Venezuela crisis: US threats, border tensions & humanitarian aid provocations
While the White House is applying maximum pressure on Maduro to force ‘humanitarian’ convoys into Venezuela, Juan Guaido sneaked into a concert in Colombia in hopes of returning to his supporters with a shipment of US aid.
The US-backed, self-proclaimed leader of Venezuela set February 23 as his flashpoint date for a showdown with the government of President Nicolas Maduro over foreign humanitarian aid, which has been stockpiled in Colombia, Brazil and Curacao. Maduro refused to allow the opposition get hold of the US cargo and, with the military on his side, sealed borders with neighboring countries.
US mounts pressure on Maduro & Venezuelan military
Relentless in its drive to sway the army’s support away from Maduro, Donald Trump’s administration has reportedly threatened to deport the relatives of any Venezuelan officers if they follow their government’s orders, harm the opposition or prevent the aid from entering Venezuela. Earlier this week, Trump issued an ultimatum to Venezuela’s military, urging them to join the US-led effort to depose Maduro, or to suffer consequences.

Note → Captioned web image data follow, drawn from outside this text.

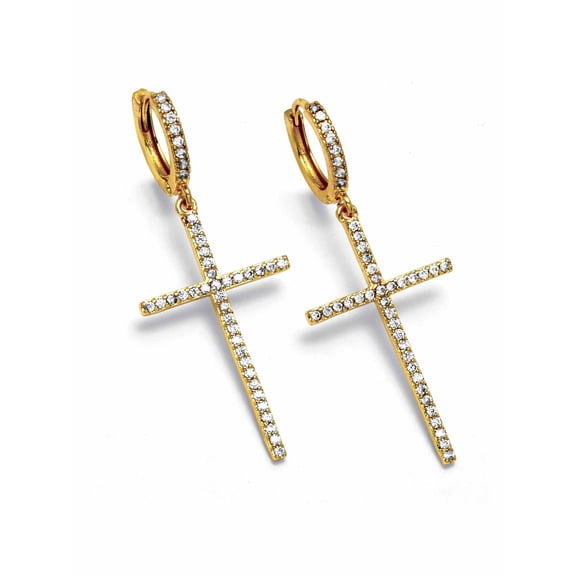 PalmBeach Jewelry Crystal Cross Goldtone Drop Earrings, 42x18mm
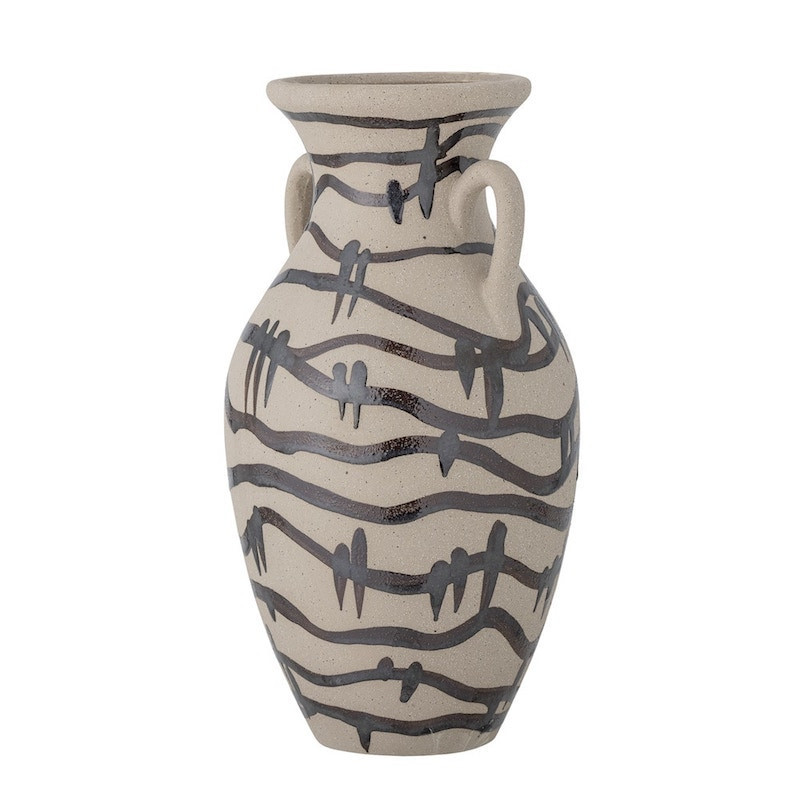 Vase peint motif abstrait fait main - Ohana 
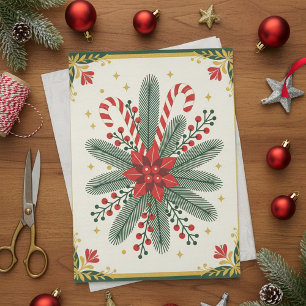 Christmas Poinsettia and Candy Cane Holiday Tissue Paper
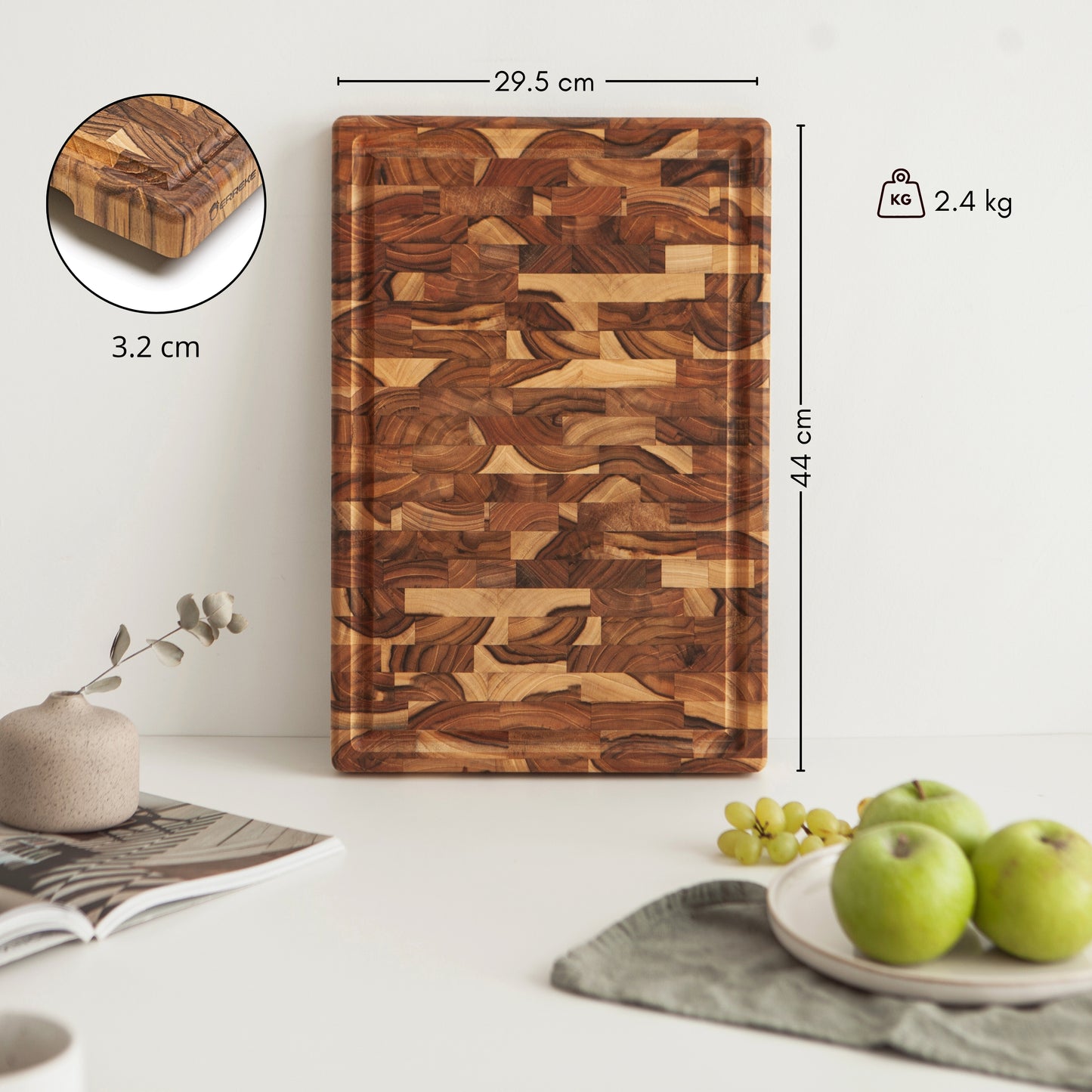 Teak Wood End Grain Cutting Board XL 44 x 30 x 3.2 cm BALI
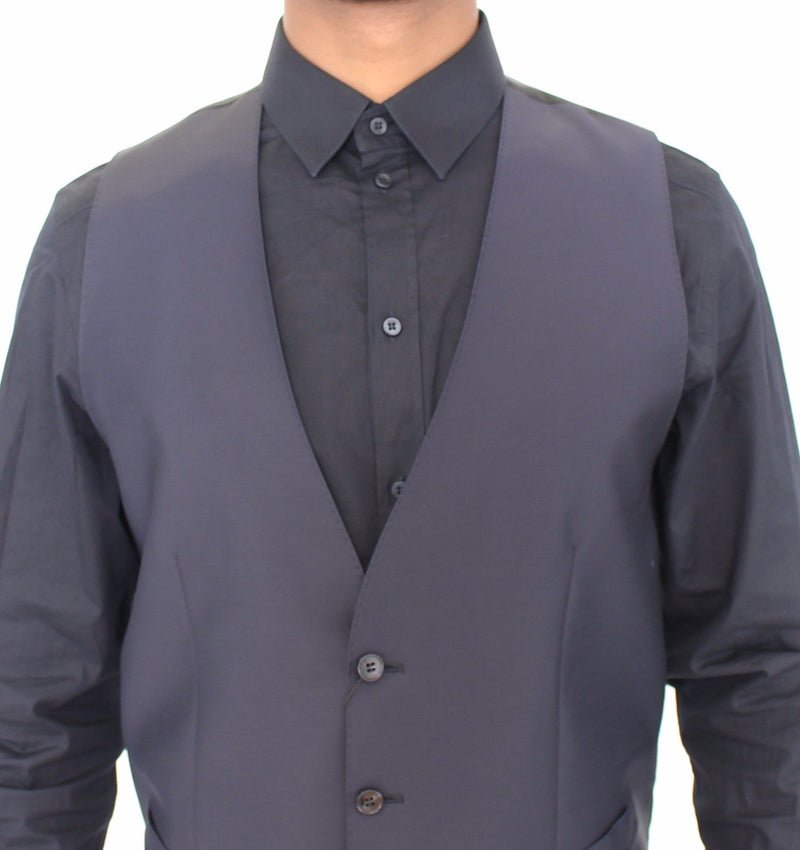 Blue Wool Formal Dress Vest Gilet Jacket - Avaz Shop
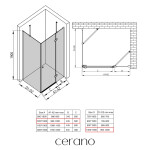 CERANO - Sprchovací kút Marino Ľ/P - 6 mm - chróm, transparentné sklo - 100x100x190 - pántový CER-422781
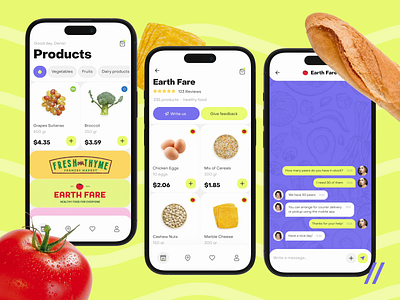 Food Marketplace Mobile App (iOS, Android) android app branding design food illustration ios logo marketplace mobile online order purrweb shipping ui ux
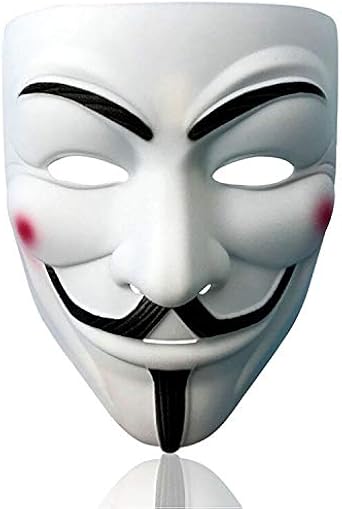 Amazon Com V For Vendetta Mask Anonymous Hacker Mask Halloween Costume Cosplay Anonymous Mask White Clothing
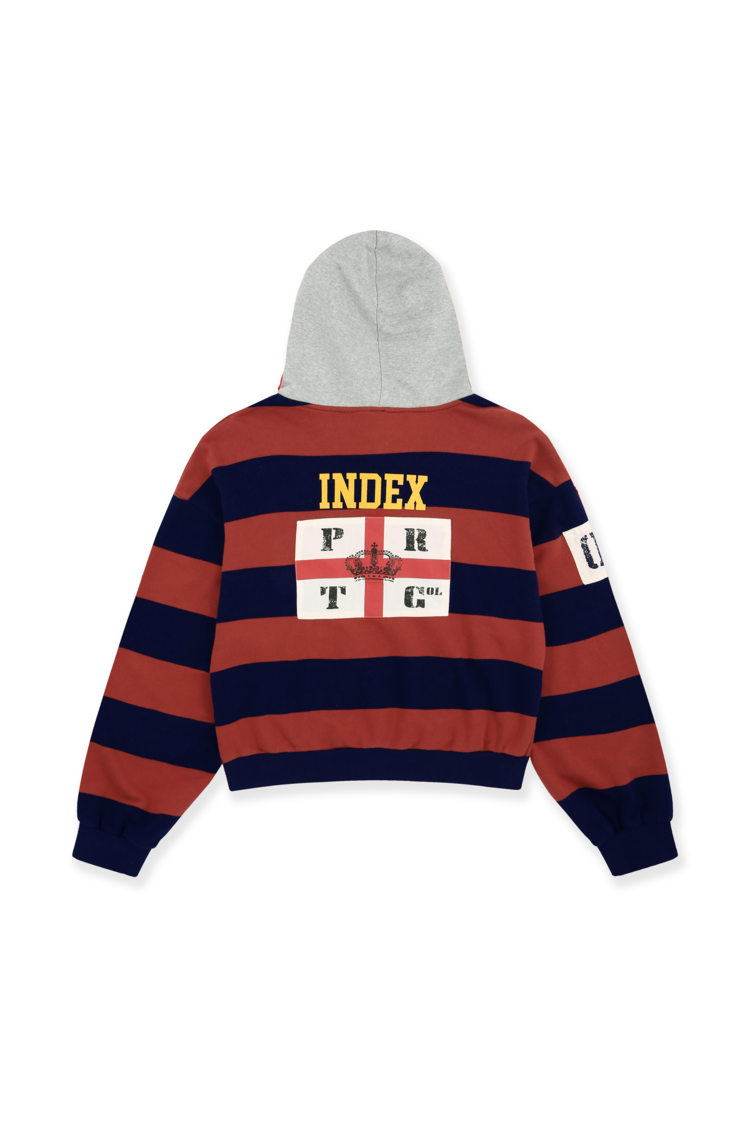 PROTOCOL INDEX STRIPE POLO HOODIE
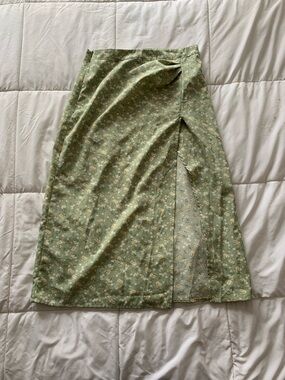 Source Unknown Sage Green Floral Wrap Midi Skirt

Washington has never ruled out the possibility of using military force to reinstate ‘democracy’ in Venezuela – and the US national security adviser John Bolton abruptly canceled his trip to South Korea just ahead of Donald Trump’s planned meeting with Kim Jong-un. According to Bolton’s spokesperson, the notorious hawk will instead keep a close eye on Venezuela from Washington – alongside the special US envoy for Venezuela Elliott Abrams, who, by coincidence, is known for running guns –under the guise of humanitarian aid– for the Contras in Nicaragua.
Washington denies using aid as a decoy
After another US Air Force plane landed in Colombia on Friday afternoon, the State Department rushed to dismiss as “preposterous” any rumors that it was carrying anything else but humanitarian aid. Yet, Moscow believes the US is preparing a sizeable weapons shipment for the Venezuelan opposition in early March, according to FM spokeswoman Maria Zakharova. The armaments, likely to be purchased “in an eastern European country,” could include large-caliber machine guns, grenade launchers, assault rifles and portable anti-aircraft rocket systems.
Guaido sneaks into Colombia for ‘humanitarian aid concert’
In violation of the travel ban, Guaido arrived in Colombia to attend a fundraising concert bankrolled by the British billionaire Richard Branson. Besides massive cheers from the crowd, the 35-year-old opposition politician was greeted by the presidents of Colombia, Chile and Paraguay.
Yet the show was purely humanitarian in its nature and without any political agenda, the organizers claimed. Guaido reportedly plans to stay in the border town of Cucuta to personally lead the aid caravan across the border into Venezuela on Saturday.
Caracas seals borders & holds rival #HandsOffVenezuela concert
To prevent any security threats and illegal crossings, the Government of Venezuela announced the temporary closures of border bridges that connect the country to Colombia. Fearing potential provocations, the government earlier closed the border with Brazil and shut the maritime border with the Dutch Caribbean island of Curacao.
Venezuelan authorities insist they would accept European aid or deliveries under the auspices of the UN, but would never allow US shipments to cross the border and go directly into the hands of the opposition, bypassing official channels. In the meantime, thousands of supporters of the Maduro government gathered for a ‘rival’ concert to demonstrate their resilience and readiness to defend Venezuela’s sovereignty.
Border clashes & no-shoot orders
Despite the precautionary measures adopted by the government, Friday saw heightened tensions and the first clashes at the border with Brazil. At least two people were allegedly killed and over a dozen others injured in the town of Kumarakapay during skirmishes with security forces. Yet the government was quick to dismiss the opposition’s accusations that soldiers used live fire against civilians.
“What happened has nothing to do with the versions that have circulated,” Venezuela’s foreign minister, Jorge Arreaza, said in New York at UN headquarters, claiming that some of the wounded were injured with “knives, machetes, and even arrows.” Maduro “would never give orders to shoot unarmed people,” the foreign minister insisted, accusing the opposition of following US regime change script and seeking to provoke the armed forces into clashes.